>>>
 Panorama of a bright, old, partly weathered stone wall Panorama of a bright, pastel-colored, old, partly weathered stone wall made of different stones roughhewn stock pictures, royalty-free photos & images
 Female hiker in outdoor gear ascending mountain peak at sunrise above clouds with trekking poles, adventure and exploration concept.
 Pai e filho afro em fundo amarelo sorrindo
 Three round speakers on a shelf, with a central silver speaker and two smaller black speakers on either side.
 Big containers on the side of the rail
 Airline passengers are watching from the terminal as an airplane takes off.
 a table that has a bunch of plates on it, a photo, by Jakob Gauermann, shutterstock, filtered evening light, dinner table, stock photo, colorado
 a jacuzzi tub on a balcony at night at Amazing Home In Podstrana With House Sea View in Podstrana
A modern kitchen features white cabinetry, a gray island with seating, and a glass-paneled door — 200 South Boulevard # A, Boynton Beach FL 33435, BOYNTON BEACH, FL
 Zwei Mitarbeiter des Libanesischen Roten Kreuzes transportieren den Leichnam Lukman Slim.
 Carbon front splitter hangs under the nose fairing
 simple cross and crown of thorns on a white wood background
<<<
### ACTIVITY
Please retype exactly the line containing "Three round speakers" and each line after it to the end of the records, and nothing more.

### RESPONSE AREA
 Three round speakers on a shelf, with a central silver speaker and two smaller black speakers on either side.
 Big containers on the side of the rail
 Airline passengers are watching from the terminal as an airplane takes off.
 a table that has a bunch of plates on it, a photo, by Jakob Gauermann, shutterstock, filtered evening light, dinner table, stock photo, colorado
 a jacuzzi tub on a balcony at night at Amazing Home In Podstrana With House Sea View in Podstrana
A modern kitchen features white cabinetry, a gray island with seating, and a glass-paneled door — 200 South Boulevard # A, Boynton Beach FL 33435, BOYNTON BEACH, FL
 Zwei Mitarbeiter des Libanesischen Roten Kreuzes transportieren den Leichnam Lukman Slim.
 Carbon front splitter hangs under the nose fairing
 simple cross and crown of thorns on a white wood background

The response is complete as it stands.